A Nikon Z5 camera and a smartphone (iPhone 12) were used for image acquisition, in which the Nikon camera shot 10 seedlings at a time and the iPhone shot one seedling at a time. During the image collection, the sensors were placed on the top of a photography light box (60×60×60 cm) to capture digital images. According to the difference in the sensor size, the resolution of the original digital image is 4016×6016 (Nikon Z5) and 3024×4032 (iPhone), respectively. All digital images are stored in PNG format. Finally, two datasets were constructed, a digital image dataset containing 92 images captured by a digital camera, and a digital image dataset containing 76 images captured by a smartphone.

For the digital images of seedlings in both datasets, binarized labels consistent with the original image size were generated by manual annotation. The rectangle enclosing a single seedling was generated using binarized labels, and the original images were cropped using these rectangles. A total of 984 rice seedling images were obtained as the new dataset.

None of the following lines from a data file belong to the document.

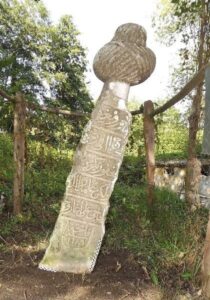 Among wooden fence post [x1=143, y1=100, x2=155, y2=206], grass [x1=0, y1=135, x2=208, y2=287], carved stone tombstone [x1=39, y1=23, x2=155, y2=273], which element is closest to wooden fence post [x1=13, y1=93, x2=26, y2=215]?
grass [x1=0, y1=135, x2=208, y2=287]

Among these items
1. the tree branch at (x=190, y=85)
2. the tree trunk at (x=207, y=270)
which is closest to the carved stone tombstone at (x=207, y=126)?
the tree branch at (x=190, y=85)

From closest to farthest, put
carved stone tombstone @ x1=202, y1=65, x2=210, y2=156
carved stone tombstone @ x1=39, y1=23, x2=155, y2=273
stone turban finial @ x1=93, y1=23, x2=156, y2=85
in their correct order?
carved stone tombstone @ x1=202, y1=65, x2=210, y2=156, carved stone tombstone @ x1=39, y1=23, x2=155, y2=273, stone turban finial @ x1=93, y1=23, x2=156, y2=85

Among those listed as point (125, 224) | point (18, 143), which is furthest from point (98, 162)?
point (125, 224)

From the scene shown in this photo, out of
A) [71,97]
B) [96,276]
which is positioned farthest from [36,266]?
[71,97]

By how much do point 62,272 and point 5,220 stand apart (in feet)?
4.55

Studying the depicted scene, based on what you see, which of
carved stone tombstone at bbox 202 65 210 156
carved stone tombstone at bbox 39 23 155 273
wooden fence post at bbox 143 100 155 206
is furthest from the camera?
wooden fence post at bbox 143 100 155 206

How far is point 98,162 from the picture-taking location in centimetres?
324

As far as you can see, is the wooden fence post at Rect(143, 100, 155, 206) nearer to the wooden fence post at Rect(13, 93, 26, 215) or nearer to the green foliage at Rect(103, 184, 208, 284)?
the green foliage at Rect(103, 184, 208, 284)

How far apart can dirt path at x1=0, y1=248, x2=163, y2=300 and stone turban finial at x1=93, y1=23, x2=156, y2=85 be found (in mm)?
1652

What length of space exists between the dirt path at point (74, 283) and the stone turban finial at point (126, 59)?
1.65 m

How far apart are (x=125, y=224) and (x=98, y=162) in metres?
1.52

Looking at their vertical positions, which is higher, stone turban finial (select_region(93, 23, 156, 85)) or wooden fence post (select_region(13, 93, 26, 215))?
stone turban finial (select_region(93, 23, 156, 85))

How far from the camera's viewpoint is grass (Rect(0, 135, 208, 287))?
323 centimetres

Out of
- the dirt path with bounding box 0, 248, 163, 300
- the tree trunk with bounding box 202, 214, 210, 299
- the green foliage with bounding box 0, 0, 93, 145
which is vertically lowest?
the dirt path with bounding box 0, 248, 163, 300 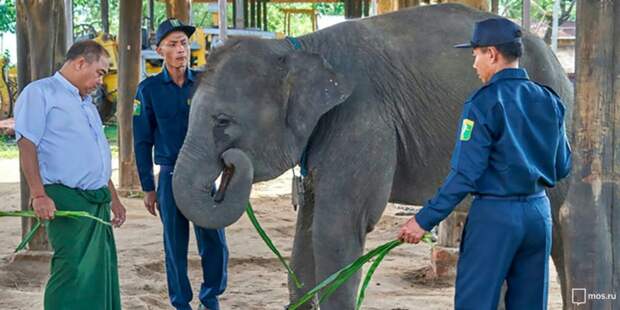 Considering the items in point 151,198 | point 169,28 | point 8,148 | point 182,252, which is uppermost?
point 169,28

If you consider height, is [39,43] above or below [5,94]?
above

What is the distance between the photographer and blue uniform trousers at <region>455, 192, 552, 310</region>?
14.8 feet

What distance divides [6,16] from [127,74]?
928 inches

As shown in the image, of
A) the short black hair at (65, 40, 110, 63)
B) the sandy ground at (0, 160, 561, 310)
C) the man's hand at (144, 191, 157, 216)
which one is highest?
the short black hair at (65, 40, 110, 63)

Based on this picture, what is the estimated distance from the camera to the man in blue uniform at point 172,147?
21.7ft

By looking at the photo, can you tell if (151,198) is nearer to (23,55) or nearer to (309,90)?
(309,90)

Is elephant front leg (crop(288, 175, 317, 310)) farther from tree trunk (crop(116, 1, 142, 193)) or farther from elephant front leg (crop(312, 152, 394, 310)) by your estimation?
tree trunk (crop(116, 1, 142, 193))

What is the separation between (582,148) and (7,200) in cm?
956

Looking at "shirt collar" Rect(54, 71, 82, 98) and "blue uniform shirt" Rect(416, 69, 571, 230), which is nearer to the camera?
"blue uniform shirt" Rect(416, 69, 571, 230)

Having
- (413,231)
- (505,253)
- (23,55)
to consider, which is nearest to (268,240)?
(413,231)

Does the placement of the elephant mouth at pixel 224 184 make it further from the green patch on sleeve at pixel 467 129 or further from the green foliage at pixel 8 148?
the green foliage at pixel 8 148

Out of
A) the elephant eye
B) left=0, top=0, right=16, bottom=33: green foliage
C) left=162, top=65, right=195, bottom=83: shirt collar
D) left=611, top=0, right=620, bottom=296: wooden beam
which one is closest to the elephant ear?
the elephant eye

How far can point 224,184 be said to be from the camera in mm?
5766

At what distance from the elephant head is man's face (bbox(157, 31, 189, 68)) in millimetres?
706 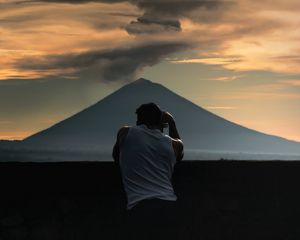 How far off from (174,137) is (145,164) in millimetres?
482

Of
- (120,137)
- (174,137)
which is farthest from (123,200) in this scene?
(120,137)

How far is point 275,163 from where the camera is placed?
750 centimetres

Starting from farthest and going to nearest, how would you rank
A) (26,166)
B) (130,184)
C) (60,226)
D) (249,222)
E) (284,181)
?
(284,181)
(249,222)
(26,166)
(60,226)
(130,184)

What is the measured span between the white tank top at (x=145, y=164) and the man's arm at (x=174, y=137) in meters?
0.12

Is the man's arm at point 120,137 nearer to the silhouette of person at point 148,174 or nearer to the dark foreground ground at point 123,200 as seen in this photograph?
the silhouette of person at point 148,174

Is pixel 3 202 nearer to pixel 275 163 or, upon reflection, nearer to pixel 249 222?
pixel 249 222

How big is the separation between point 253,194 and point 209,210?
0.58m

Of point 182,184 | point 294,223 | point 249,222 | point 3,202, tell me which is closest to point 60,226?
point 3,202

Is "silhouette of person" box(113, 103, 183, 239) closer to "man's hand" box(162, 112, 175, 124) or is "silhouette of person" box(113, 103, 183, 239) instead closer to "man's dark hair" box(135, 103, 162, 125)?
"man's dark hair" box(135, 103, 162, 125)

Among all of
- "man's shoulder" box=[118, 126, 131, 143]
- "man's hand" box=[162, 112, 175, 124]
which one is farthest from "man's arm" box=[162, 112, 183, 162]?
"man's shoulder" box=[118, 126, 131, 143]

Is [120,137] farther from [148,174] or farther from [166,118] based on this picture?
[166,118]

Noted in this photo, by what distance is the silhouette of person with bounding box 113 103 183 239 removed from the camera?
4.74 metres

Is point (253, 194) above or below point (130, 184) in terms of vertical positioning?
below

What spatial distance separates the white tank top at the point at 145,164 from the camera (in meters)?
4.77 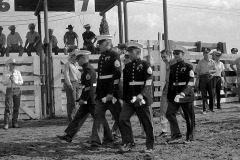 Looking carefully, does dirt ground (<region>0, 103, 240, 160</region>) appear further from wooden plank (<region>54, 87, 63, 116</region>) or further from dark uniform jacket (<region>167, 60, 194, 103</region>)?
A: wooden plank (<region>54, 87, 63, 116</region>)

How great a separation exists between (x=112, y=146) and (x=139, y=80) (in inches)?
62.2

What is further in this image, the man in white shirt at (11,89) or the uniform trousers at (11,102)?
the uniform trousers at (11,102)

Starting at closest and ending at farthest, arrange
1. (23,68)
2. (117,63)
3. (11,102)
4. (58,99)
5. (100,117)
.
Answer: (117,63)
(100,117)
(11,102)
(23,68)
(58,99)

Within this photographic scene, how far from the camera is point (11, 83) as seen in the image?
1220cm

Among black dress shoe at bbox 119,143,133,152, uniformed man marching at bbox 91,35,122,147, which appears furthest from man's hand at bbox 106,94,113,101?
black dress shoe at bbox 119,143,133,152

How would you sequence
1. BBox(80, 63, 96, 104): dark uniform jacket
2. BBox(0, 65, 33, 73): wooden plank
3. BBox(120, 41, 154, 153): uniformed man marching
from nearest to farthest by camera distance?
BBox(120, 41, 154, 153): uniformed man marching, BBox(80, 63, 96, 104): dark uniform jacket, BBox(0, 65, 33, 73): wooden plank

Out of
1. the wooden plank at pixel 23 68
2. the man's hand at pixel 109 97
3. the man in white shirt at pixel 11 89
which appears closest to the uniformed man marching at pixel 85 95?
the man's hand at pixel 109 97

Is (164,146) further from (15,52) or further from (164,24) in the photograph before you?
(15,52)

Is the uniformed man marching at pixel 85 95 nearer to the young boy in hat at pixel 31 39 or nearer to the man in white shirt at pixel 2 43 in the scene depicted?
Answer: the young boy in hat at pixel 31 39

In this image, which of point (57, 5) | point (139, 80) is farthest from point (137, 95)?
point (57, 5)

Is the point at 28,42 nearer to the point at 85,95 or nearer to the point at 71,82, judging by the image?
the point at 71,82

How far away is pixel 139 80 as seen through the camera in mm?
7832

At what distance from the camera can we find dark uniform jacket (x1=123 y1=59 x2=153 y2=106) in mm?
7766

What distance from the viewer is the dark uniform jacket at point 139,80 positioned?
7.77 meters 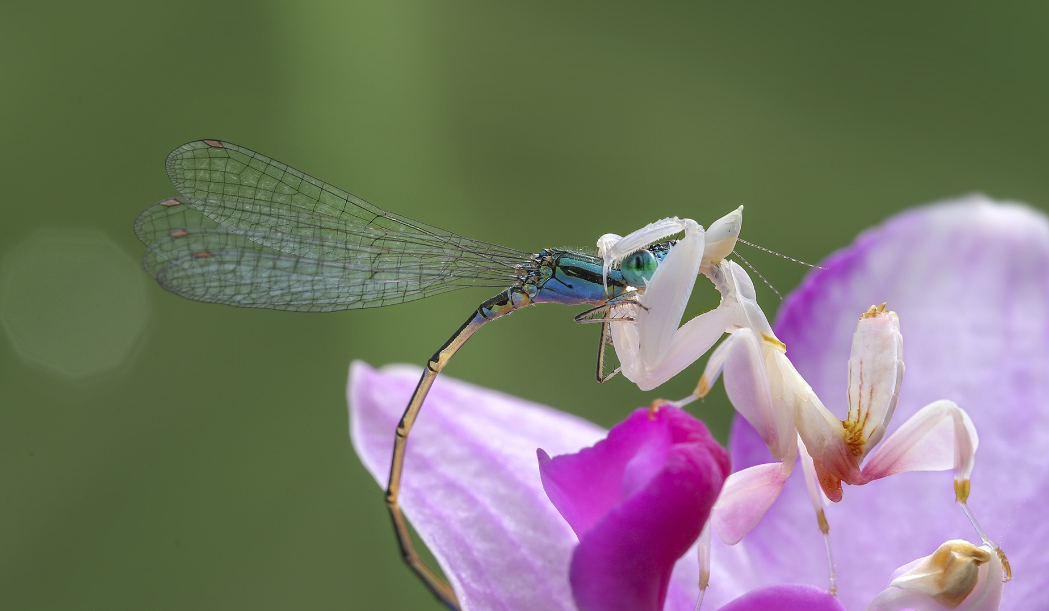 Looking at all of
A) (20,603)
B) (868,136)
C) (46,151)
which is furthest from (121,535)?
(868,136)

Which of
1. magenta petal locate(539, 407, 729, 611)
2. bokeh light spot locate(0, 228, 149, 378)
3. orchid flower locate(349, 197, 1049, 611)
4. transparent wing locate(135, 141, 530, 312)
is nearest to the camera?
magenta petal locate(539, 407, 729, 611)

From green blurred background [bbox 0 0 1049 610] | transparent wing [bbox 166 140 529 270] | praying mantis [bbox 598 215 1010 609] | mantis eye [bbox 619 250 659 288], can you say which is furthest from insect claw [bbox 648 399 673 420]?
green blurred background [bbox 0 0 1049 610]

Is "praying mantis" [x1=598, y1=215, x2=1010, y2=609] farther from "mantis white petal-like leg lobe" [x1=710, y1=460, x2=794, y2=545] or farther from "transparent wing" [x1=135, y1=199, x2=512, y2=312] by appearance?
"transparent wing" [x1=135, y1=199, x2=512, y2=312]

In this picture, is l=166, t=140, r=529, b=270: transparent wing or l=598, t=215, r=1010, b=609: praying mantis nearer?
l=598, t=215, r=1010, b=609: praying mantis

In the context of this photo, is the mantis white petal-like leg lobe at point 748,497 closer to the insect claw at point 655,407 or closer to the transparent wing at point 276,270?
the insect claw at point 655,407

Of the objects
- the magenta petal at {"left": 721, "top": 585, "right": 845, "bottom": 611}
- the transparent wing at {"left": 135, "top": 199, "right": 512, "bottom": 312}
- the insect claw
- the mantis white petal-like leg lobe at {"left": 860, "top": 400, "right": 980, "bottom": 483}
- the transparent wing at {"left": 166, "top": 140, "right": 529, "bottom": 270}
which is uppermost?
the transparent wing at {"left": 166, "top": 140, "right": 529, "bottom": 270}

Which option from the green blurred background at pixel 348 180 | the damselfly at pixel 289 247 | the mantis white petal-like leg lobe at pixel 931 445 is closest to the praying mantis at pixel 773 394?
the mantis white petal-like leg lobe at pixel 931 445

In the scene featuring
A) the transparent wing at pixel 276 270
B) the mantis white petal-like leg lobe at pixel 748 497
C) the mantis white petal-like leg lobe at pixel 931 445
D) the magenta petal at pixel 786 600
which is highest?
the transparent wing at pixel 276 270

Referring to the previous study, the image dataset was randomly divided into a training set and a test set in a ratio of 8:2, which were used to construct and evaluate the model, respectively. Further, 20% of the training dataset was randomly selected as the validation set during training. To prevent overfitting, data augmentation was performed on the fly when training all models, which consisted of horizontal flipping, horizontal shift and random rotation.

2.2 Measurement of traits

Manual measurements were taken at the same time as image collection. Ten seedlings were randomly sampled from each planting tray. After washing and drying the seedlings, the plant height and fresh weight were measured using a ruler and a digital balance with a resolution of 0.1 cm and 0.0001 g, respectively. These measurements were conducted on days 10 (December 3), 17(December 10) and 22(December 15) after seeding. Finally, a regression dataset with 504 samples was obtained, in which each sample had measurements of seedling height and shoot fresh weight after root removal. Meanwhile, each seedling sample had its corresponding binarized label in the segmentation dataset above.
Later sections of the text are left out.